Quand on découvre Arithmomania de Lucien Suel paru aux Éditions Dernier Télégramme, on se demande ce qui déclenche une telle créativité entre les mathématiques et l’écriture. Cette anthologie rassemble des poèmes écrits en vers arithmonymes ou arithmogrammatiques. Pour celleux que n’aurait aucune notion de ces termes, un lexique fait office de quatrième de couverture.
Ce qu’il faut d’abord comprendre, c’est que dans les poèmes d’Arithmomania tout est calculé et réfléchi en chiffre. La forme est contrainte volontairement. Mais cette contrainte ne se ressent absolument pas. En effet, cette anthologie laisse apparaître un imaginaire et une écriture poétique d’une incroyable inventivité.

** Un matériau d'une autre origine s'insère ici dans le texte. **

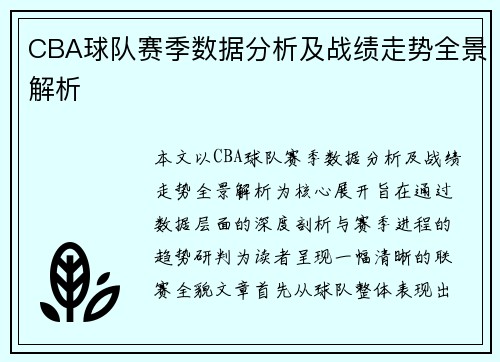 CBA球队赛季数据分析及战绩走势全景解析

Lucien Suel est une figure importante de la poésie contemporaine, il débuta en publiant des revues réunissant des poèmes Beat dans les années 1970.
Arithmomania est une manière de traverser son œuvre. En effet, l’anthologie est composée de textes produits pour des revues ou publiés ici pour la première fois. Lucien Suel y déploie sa maîtrise de la forme, avec des textes plus ou moins longs, dont est noté le procédé à chaque fin de poèmes. On peut également y trouver des calligrammes eux aussi réglés par les lois de l’arithmomanie.
Cela n’empêche pas d’apprécier une poésie gorgée de références et savamment hallucinatoires. Lucien Suel se place dans la lignée des grands mouvements modernes, tels que les Dadas et la Beat génération. Il place même ces précurseurs dans sa Flandre natale, comme Kurt Witter qui est un récit poétique proposé en quatre saisons tout le long du livre.
Mais justement avec le poème Kurt Witter, rédigé à l’origine sous forme de tweet, Lucien Suel plonge les dadas dans un univers cyberpunk. On voit alors ici que le poète ne s’attache pas seulement aux héritages poétiques, mais aussi aux aventures de sciences fictions. Cette poésie n’est pas élitiste et se permet d’être autant attiré par les romans de Jack Vance que par les cut-up de Burroughs.
Ce qui ressort d’Arithmomania est cette écriture capable, malgré la contrainte, des plus grandes hallucinations. Nous ne sommes pas obligés de prendre de substances pour avoir des images délirantes en tête en lisant Lucien Suel puisque sa poésie a des effets surprenants sur nos désirs de planer.
Mais Lucien Suel n’est pas seulement expert en transe cosmique. Il est aussi doué pour une poésie vibrante, qui témoigne de son temps, du monde tel qu’il est, intolérable et atroce. On sent bien que le poète n’a jamais voulu appartenir aux tendances et aux modes éphémères.
Lucien Suel s’est inspiré d’un paysage littéraire très vaste et restitue sa passion en comptant ses vers et ses mots. Il produit sa poésie comme on cultive un jardin, en n’ayant pas peur de mettre les mains dans le fatras imaginatif. Il a toujours choisi ses propres clôtures avec, comme par exemple dans ce livre, les chiffres et leurs possibilités infinis.
224p
Adrien
Grand merci pour cette lecture attentive et attentionnée d’Arithmomania.
Merci à vous ! Cette anthologie est un bon moyen de découvrir votre travail poétique.